Problem to work on → What you should give back is a precise copy of the lines below from the one containing "Google Workspace Review Itpro" through the one containing "Búsquedas 2024 de TIMO PERKOLA (Reino Unido)", with no pictures.

Dataset excerpts →

——

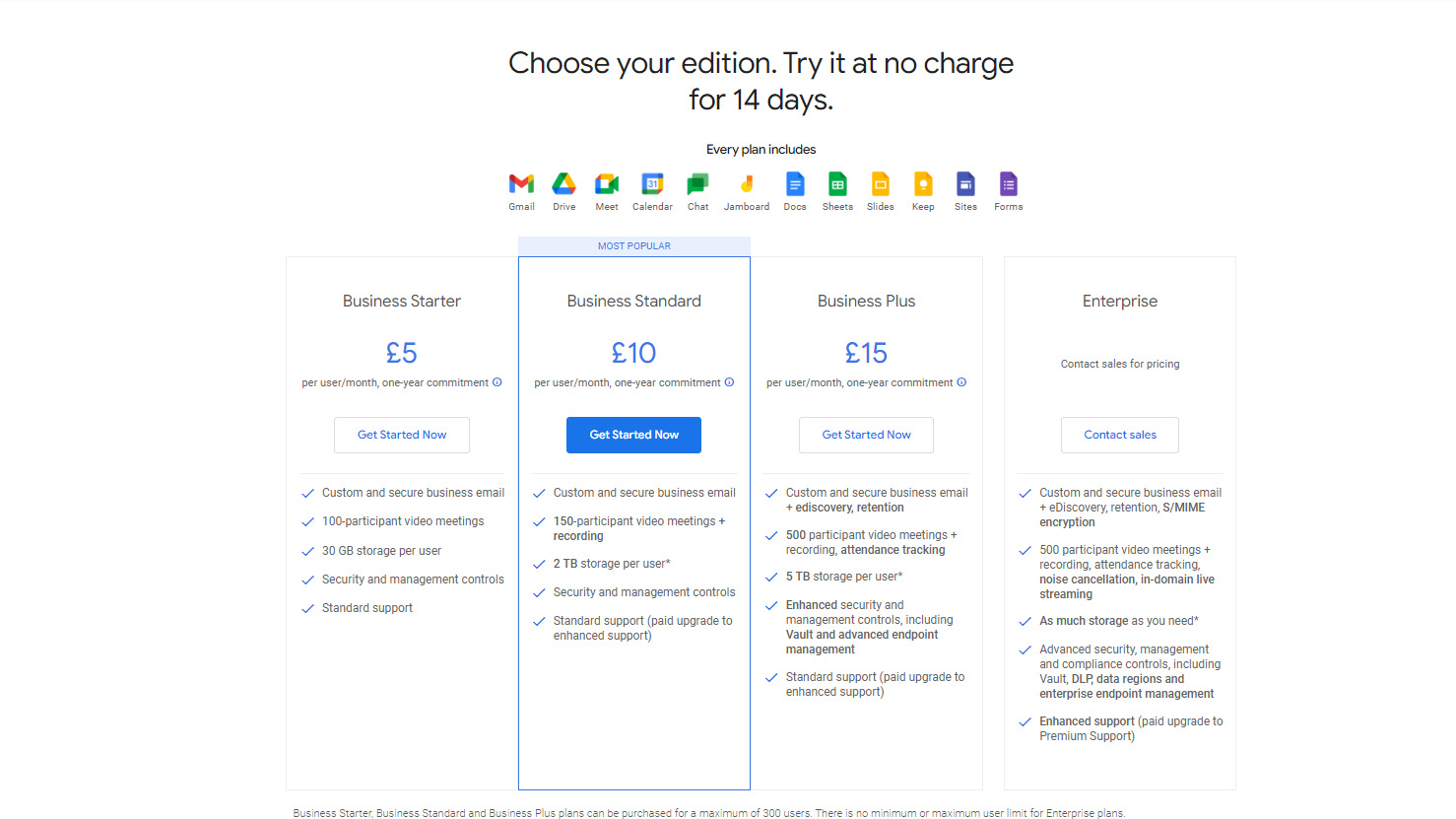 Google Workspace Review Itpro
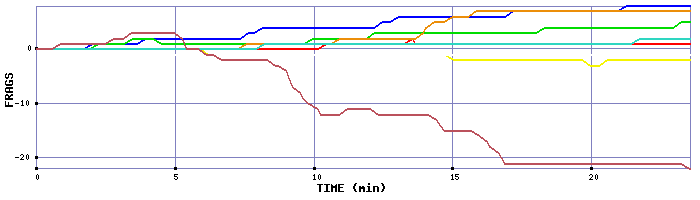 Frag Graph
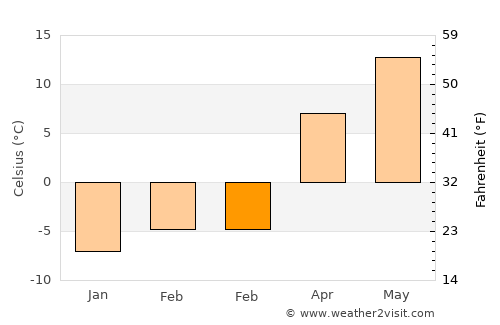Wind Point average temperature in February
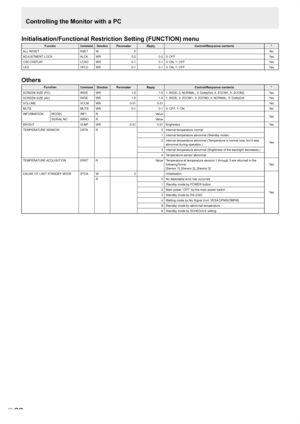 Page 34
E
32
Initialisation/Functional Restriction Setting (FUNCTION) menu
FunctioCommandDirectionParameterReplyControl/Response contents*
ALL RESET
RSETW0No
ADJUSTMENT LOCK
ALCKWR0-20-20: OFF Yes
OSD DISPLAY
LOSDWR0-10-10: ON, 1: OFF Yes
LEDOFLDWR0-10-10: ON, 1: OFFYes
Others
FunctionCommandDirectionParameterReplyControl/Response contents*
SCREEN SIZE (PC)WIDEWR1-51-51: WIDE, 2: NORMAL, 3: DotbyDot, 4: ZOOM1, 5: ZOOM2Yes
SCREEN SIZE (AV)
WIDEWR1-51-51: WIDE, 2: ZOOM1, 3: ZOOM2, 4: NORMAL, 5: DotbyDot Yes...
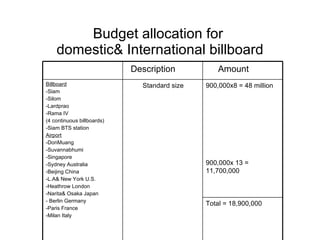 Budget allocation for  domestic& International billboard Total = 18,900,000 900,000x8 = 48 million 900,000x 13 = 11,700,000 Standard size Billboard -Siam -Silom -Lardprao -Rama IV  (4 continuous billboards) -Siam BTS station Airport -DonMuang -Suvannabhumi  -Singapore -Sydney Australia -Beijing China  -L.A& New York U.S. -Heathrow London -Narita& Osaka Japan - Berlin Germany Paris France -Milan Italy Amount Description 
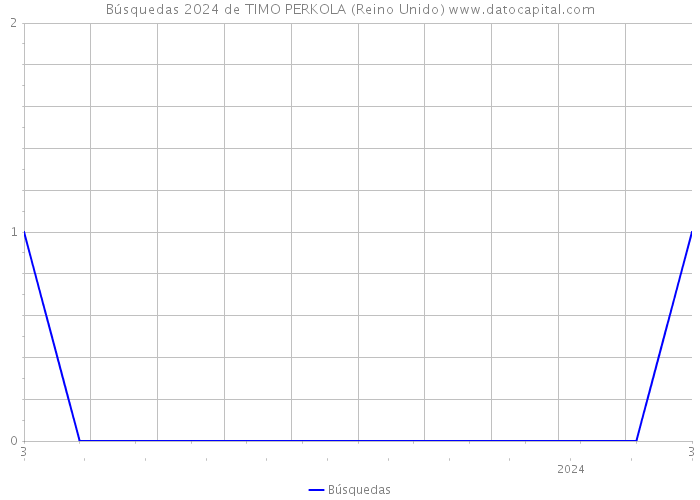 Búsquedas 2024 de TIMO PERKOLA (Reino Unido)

——

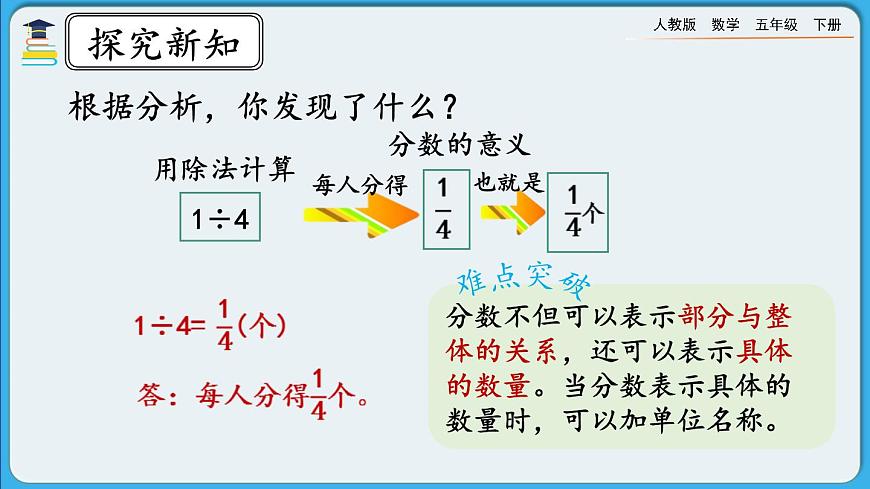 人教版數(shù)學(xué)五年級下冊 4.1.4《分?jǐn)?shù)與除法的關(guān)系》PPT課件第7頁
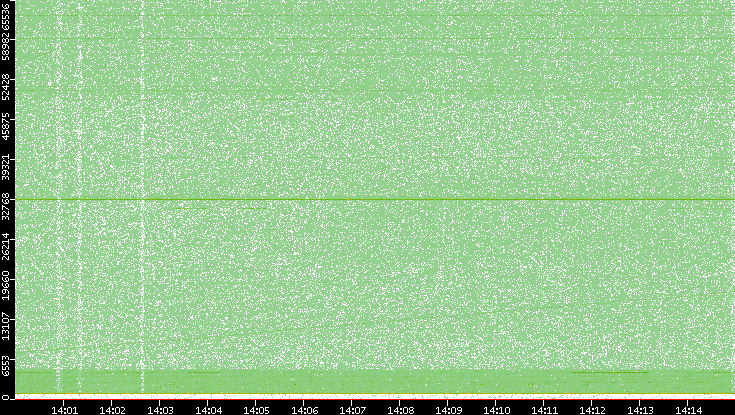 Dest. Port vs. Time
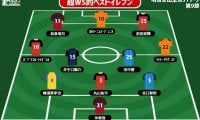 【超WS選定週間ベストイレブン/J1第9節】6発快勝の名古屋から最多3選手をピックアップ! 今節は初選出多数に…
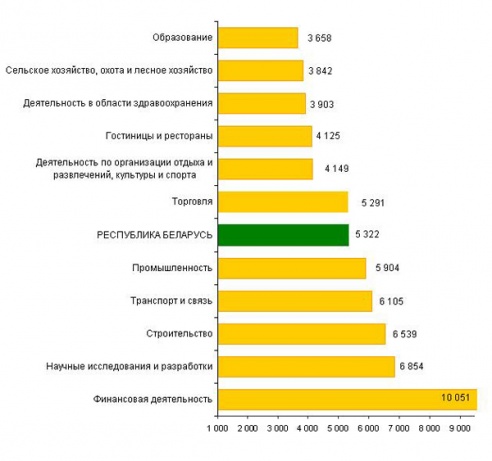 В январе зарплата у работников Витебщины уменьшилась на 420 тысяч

——

Solution to this exercise →
 Google Workspace Review Itpro
 Frag Graph
Wind Point average temperature in February
 Page 34
E
32
Initialisation/Functional Restriction Setting (FUNCTION) menu
FunctioCommandDirectionParameterReplyControl/Response contents*
ALL RESET
RSETW0No
ADJUSTMENT LOCK
ALCKWR0-20-20: OFF Yes
OSD DISPLAY
LOSDWR0-10-10: ON, 1: OFF Yes
LEDOFLDWR0-10-10: ON, 1: OFFYes
Others
FunctionCommandDirectionParameterReplyControl/Response contents*
SCREEN SIZE (PC)WIDEWR1-51-51: WIDE, 2: NORMAL, 3: DotbyDot, 4: ZOOM1, 5: ZOOM2Yes
SCREEN SIZE (AV)
WIDEWR1-51-51: WIDE, 2: ZOOM1, 3: ZOOM2, 4: NORMAL, 5: DotbyDot Yes...
 Budget allocation for  domestic& International billboard Total = 18,900,000 900,000x8 = 48 million 900,000x 13 = 11,700,000 Standard size Billboard -Siam -Silom -Lardprao -Rama IV  (4 continuous billboards) -Siam BTS station Airport -DonMuang -Suvannabhumi  -Singapore -Sydney Australia -Beijing China  -L.A& New York U.S. -Heathrow London -Narita& Osaka Japan - Berlin Germany Paris France -Milan Italy Amount Description 
 Búsquedas 2024 de TIMO PERKOLA (Reino Unido)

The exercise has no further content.